_Data provided_:
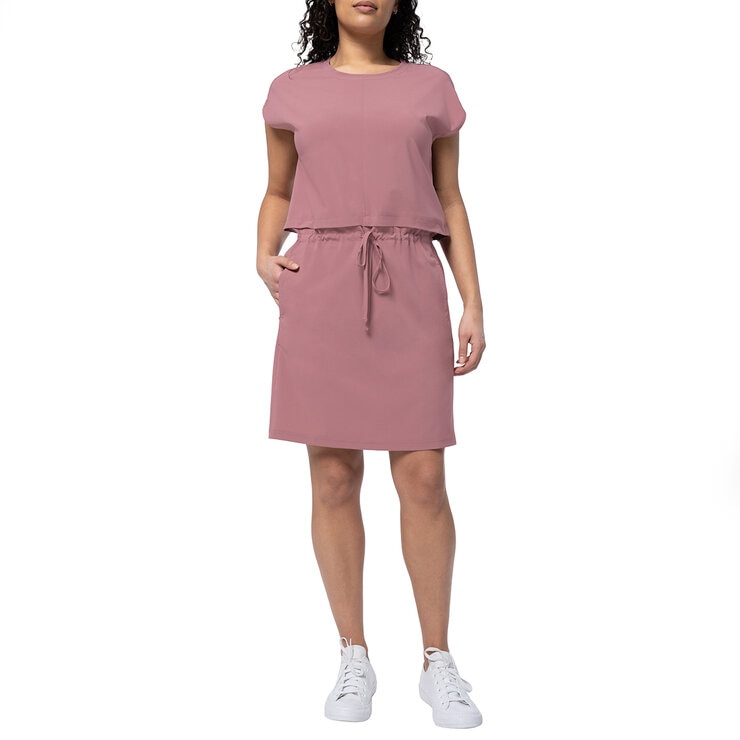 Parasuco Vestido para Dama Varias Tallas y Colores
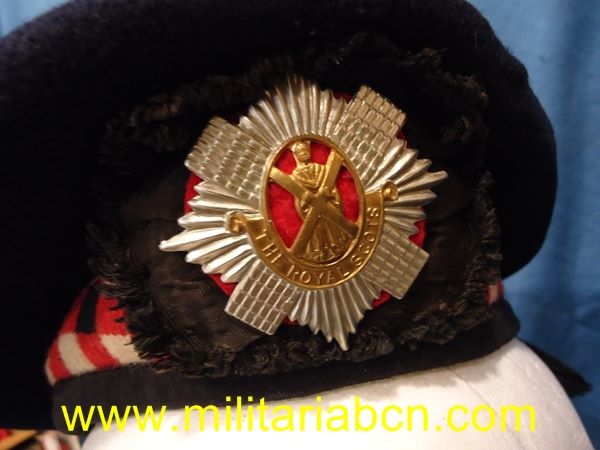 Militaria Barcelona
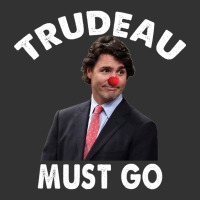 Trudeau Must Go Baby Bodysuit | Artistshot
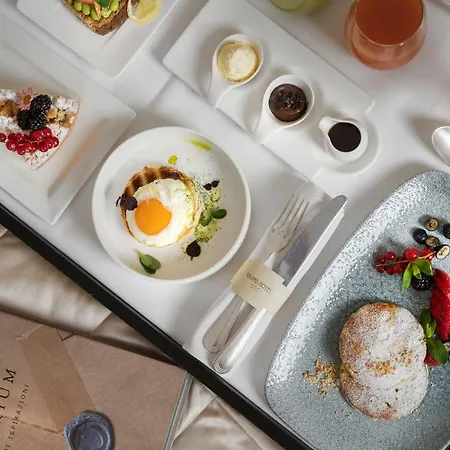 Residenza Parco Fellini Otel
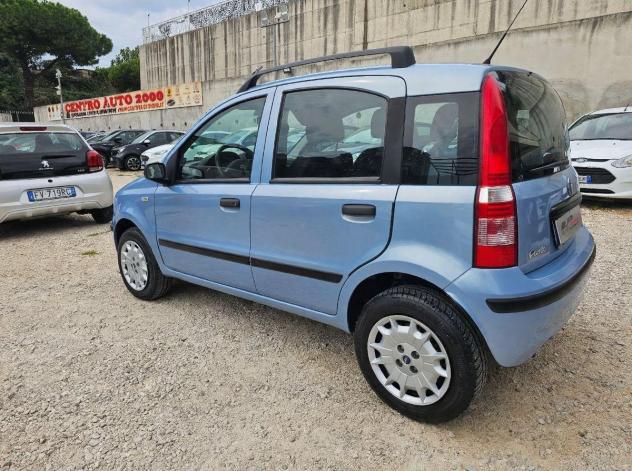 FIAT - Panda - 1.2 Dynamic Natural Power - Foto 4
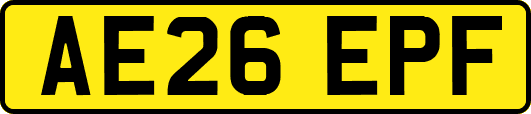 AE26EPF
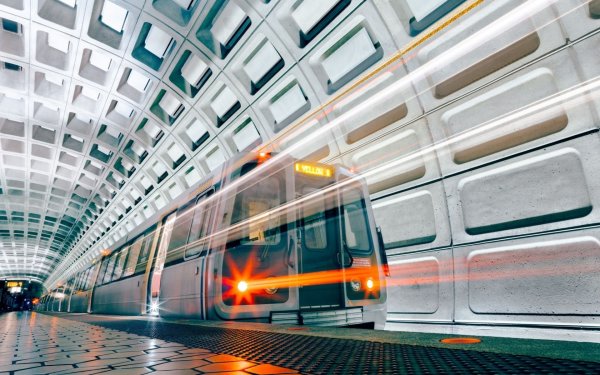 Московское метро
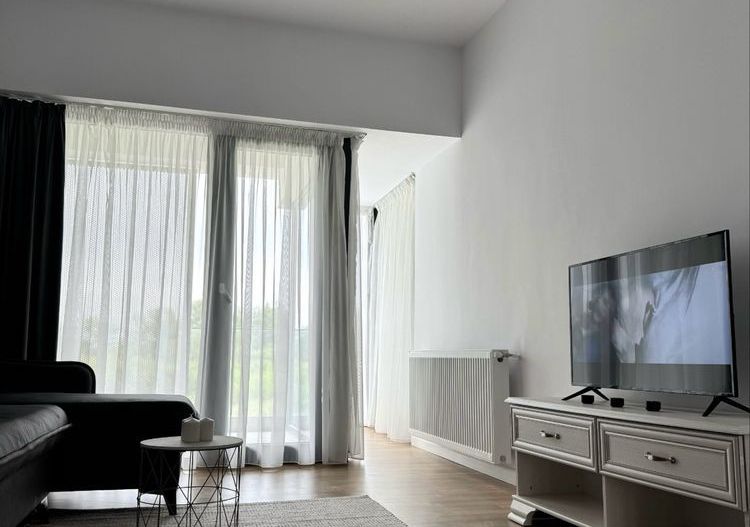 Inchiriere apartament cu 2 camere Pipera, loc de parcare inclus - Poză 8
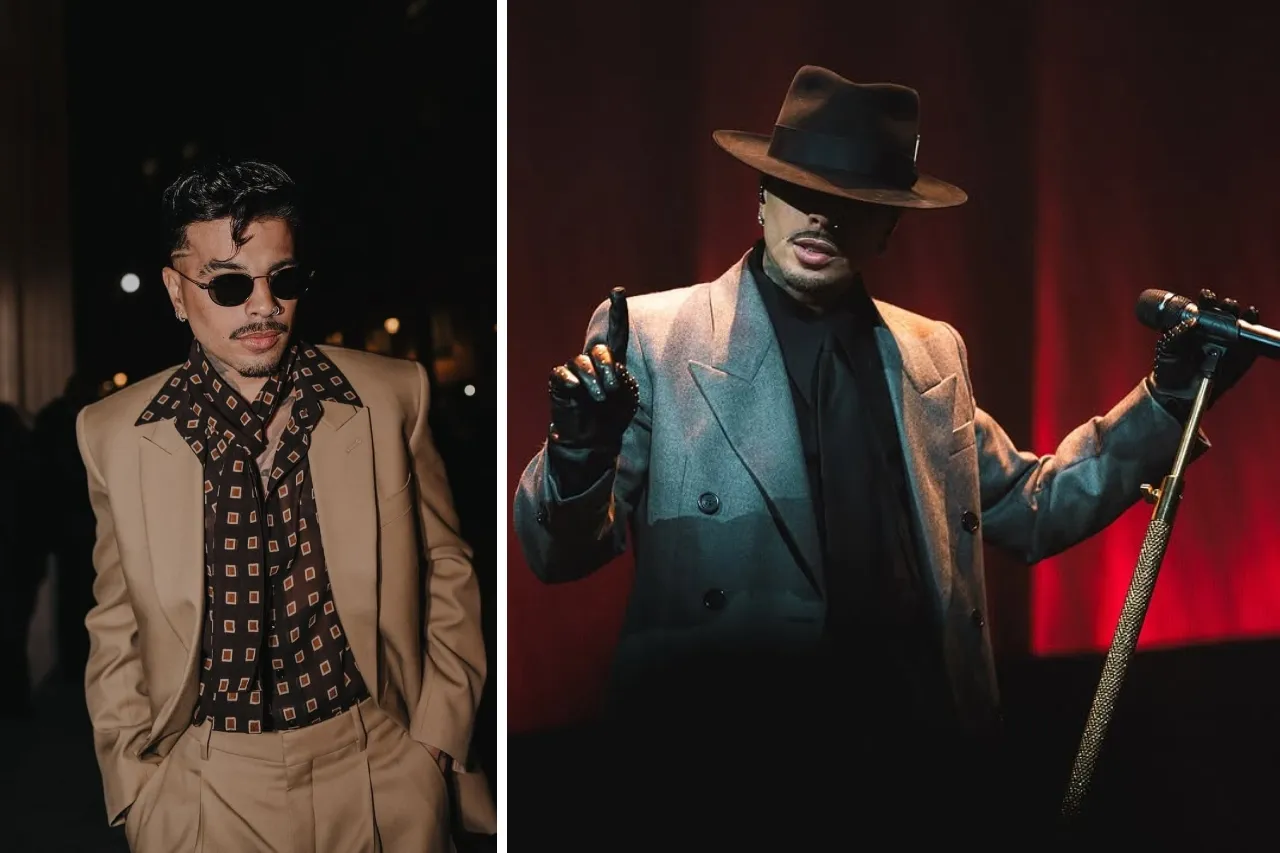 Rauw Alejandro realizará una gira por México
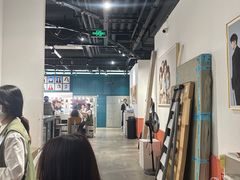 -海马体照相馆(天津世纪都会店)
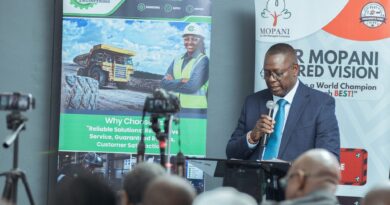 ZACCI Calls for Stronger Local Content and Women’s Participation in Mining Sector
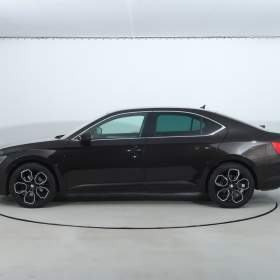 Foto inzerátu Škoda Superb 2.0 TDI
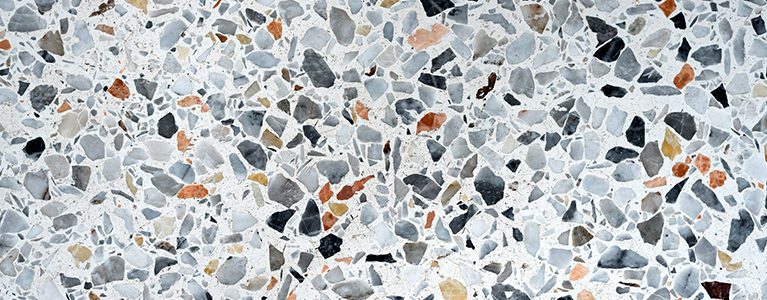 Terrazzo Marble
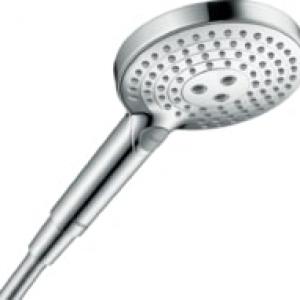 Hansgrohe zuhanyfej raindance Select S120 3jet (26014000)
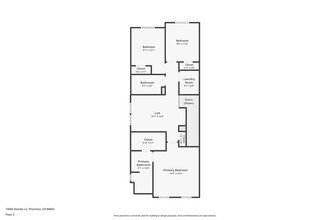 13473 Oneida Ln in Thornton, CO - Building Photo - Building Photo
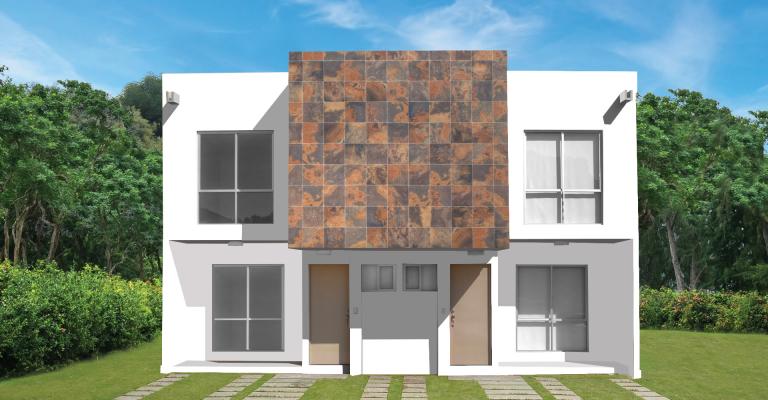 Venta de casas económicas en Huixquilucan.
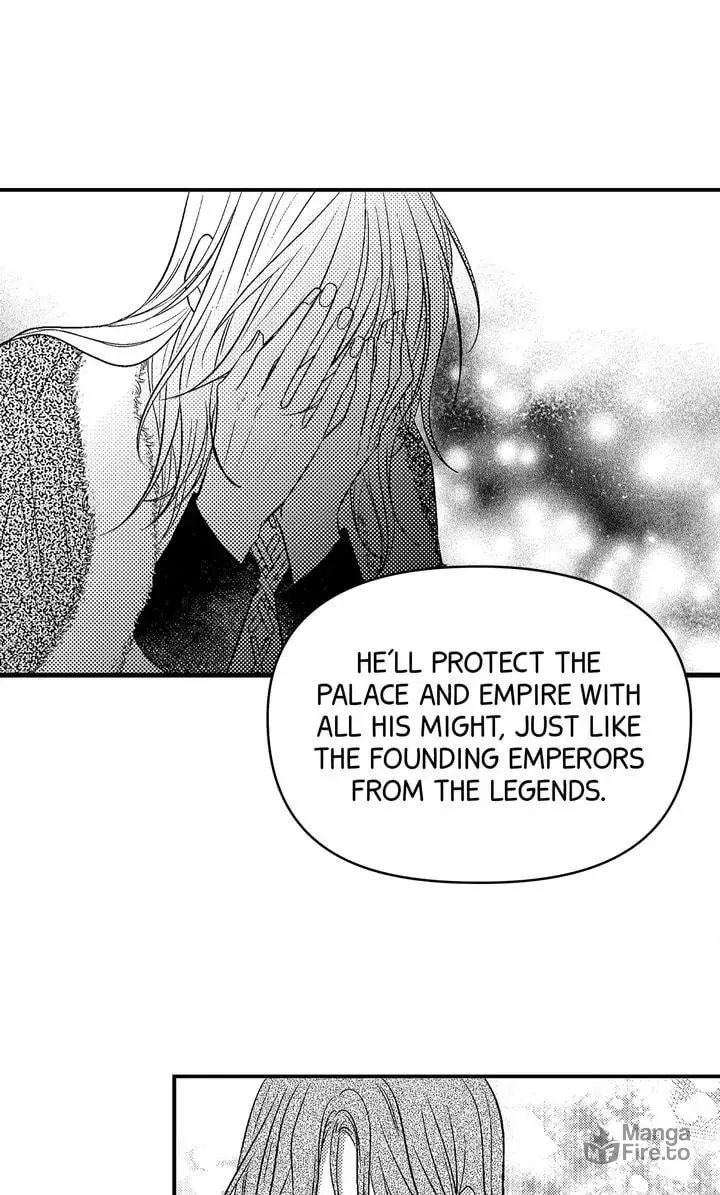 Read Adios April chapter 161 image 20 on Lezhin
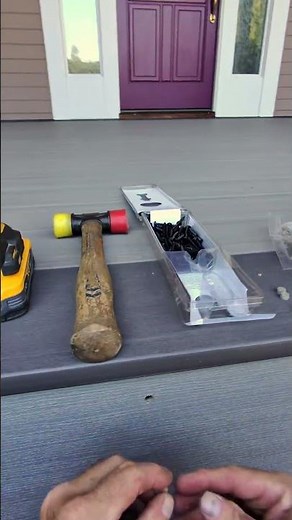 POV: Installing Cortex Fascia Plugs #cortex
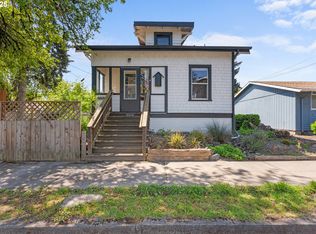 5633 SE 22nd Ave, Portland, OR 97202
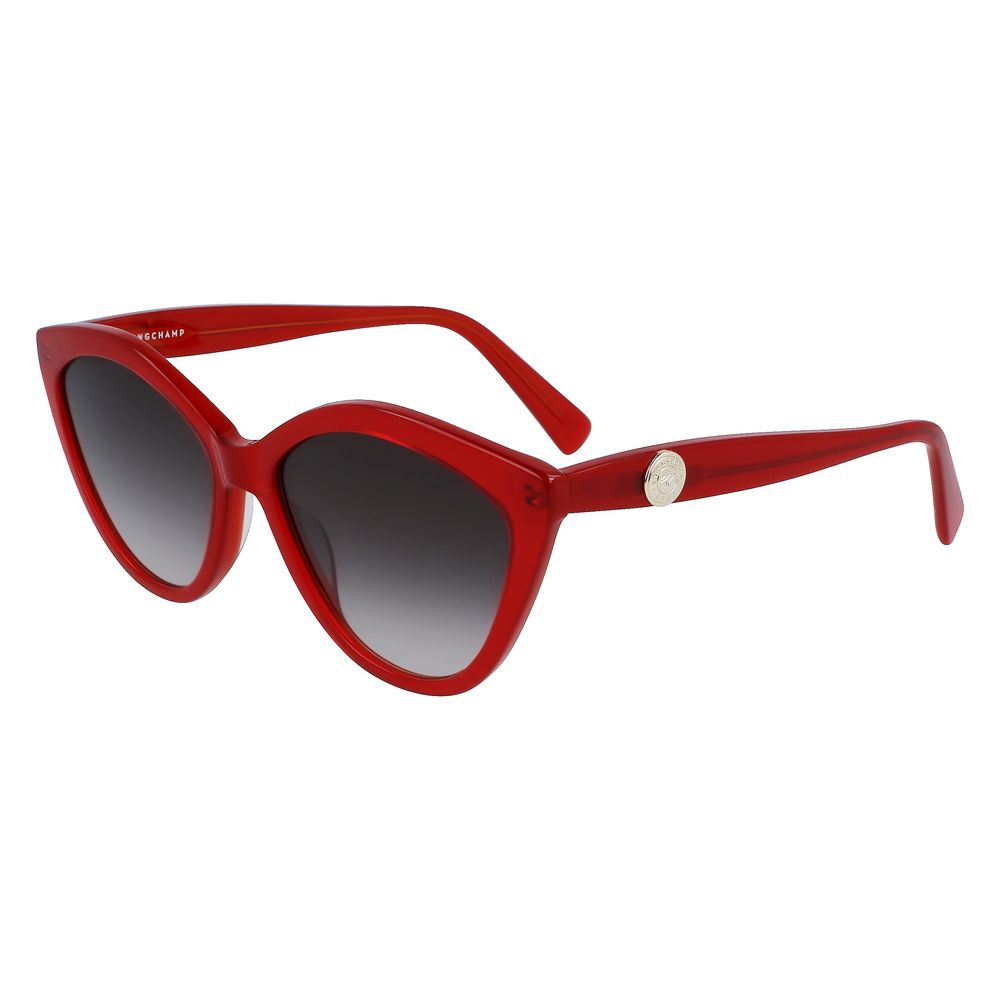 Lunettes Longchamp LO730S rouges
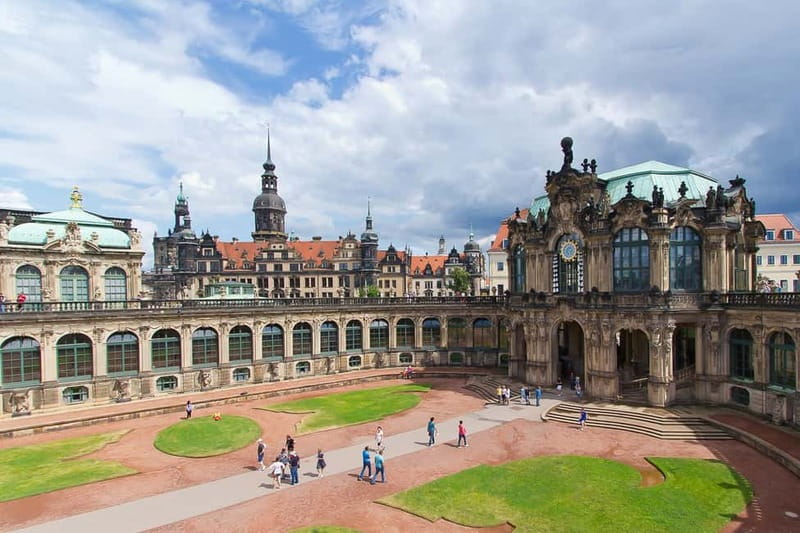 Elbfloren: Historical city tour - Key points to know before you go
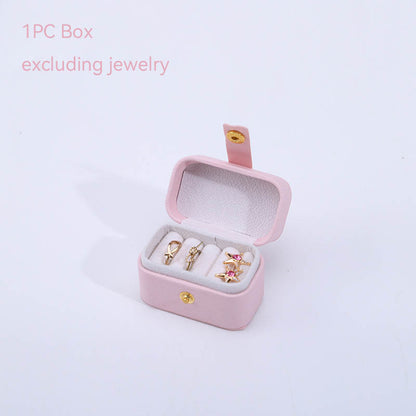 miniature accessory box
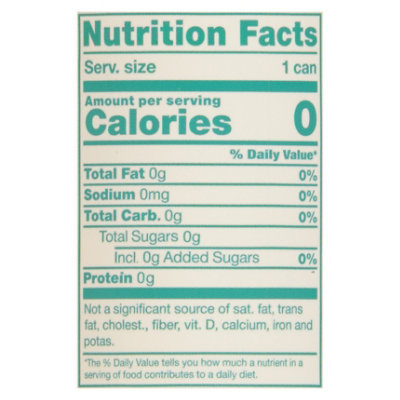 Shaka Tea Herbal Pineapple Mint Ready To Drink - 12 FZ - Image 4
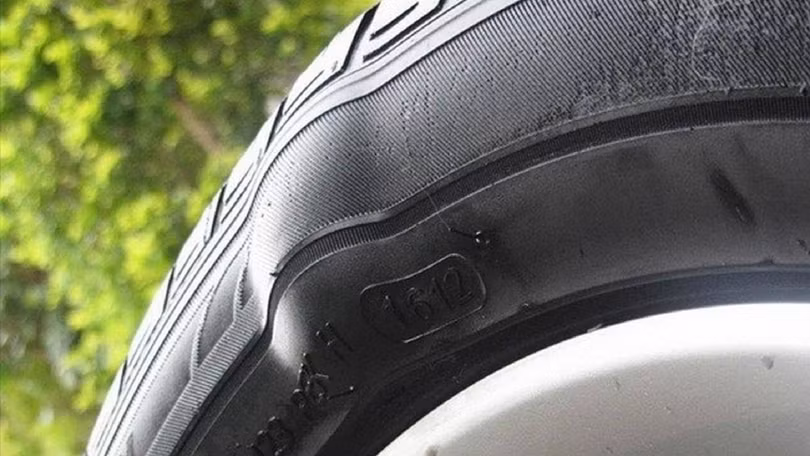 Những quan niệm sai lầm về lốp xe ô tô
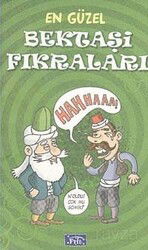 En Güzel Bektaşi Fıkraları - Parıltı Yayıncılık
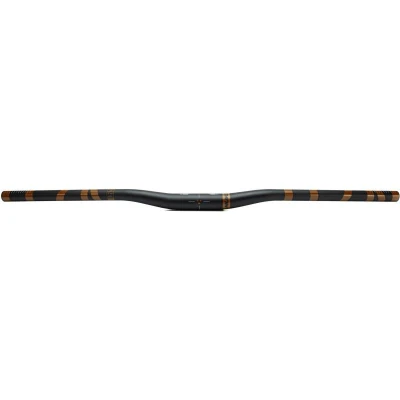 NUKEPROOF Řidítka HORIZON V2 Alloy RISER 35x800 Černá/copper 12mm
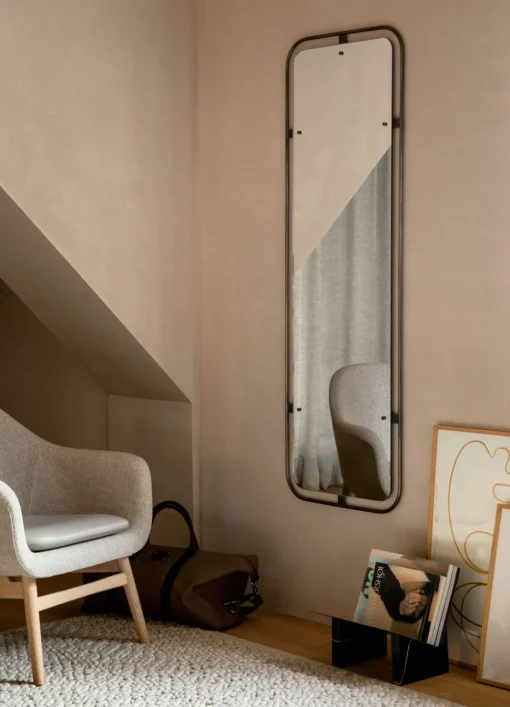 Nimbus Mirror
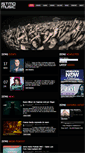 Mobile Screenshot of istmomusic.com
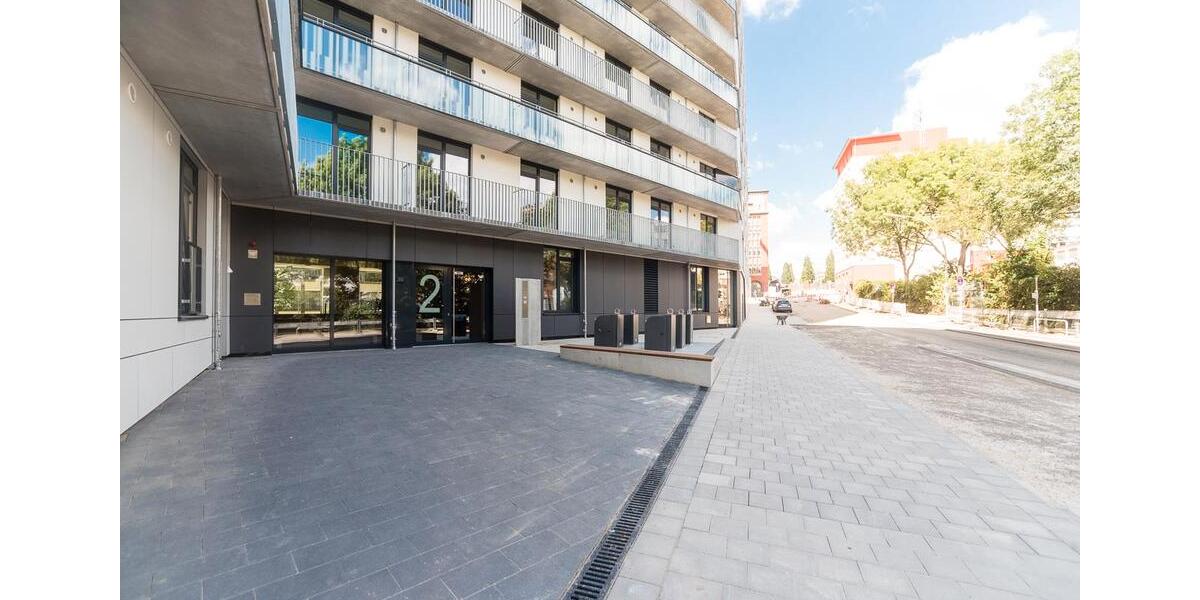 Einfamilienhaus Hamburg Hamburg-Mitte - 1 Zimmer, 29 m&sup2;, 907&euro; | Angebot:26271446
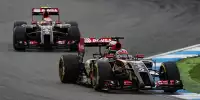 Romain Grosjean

_What needs to be done_: Reproduce exactly, with nothing added, the lines from the line with "Nimbus Mirror" through the end of the entries above; pictures are to be left out.

_Exercise solution_:
 Nimbus Mirror
 Mobile Screenshot of istmomusic.com
 Einfamilienhaus Hamburg Hamburg-Mitte - 1 Zimmer, 29 m&sup2;, 907&euro; | Angebot:26271446
 Romain Grosjean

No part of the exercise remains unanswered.